RECORDS FOR THIS TASK -
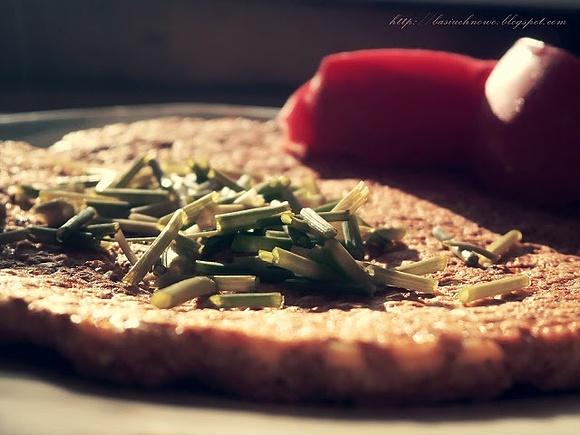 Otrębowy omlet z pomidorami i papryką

==

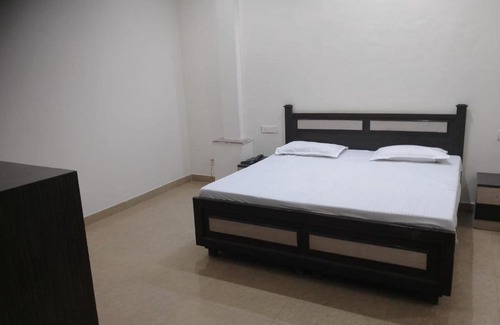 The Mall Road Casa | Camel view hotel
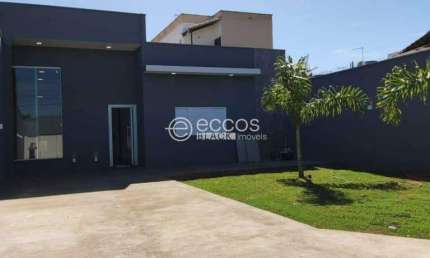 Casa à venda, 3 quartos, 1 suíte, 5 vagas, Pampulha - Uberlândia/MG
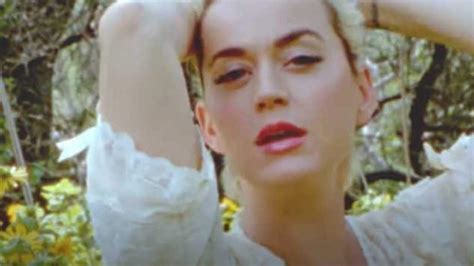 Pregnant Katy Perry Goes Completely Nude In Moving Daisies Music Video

AIM OF THE TASK - Could you transcribe exactly the entries above, but only the lines from the one with "The Mall Road Casa | Camel view hotel" through the one with "Pregnant Katy Perry", and without pictures?

SOLUTION FOR THIS TASK -
 The Mall Road Casa | Camel view hotel
 Casa à venda, 3 quartos, 1 suíte, 5 vagas, Pampulha - Uberlândia/MG
 Pregnant Katy Perry Goes Completely Nude In Moving Daisies Music Video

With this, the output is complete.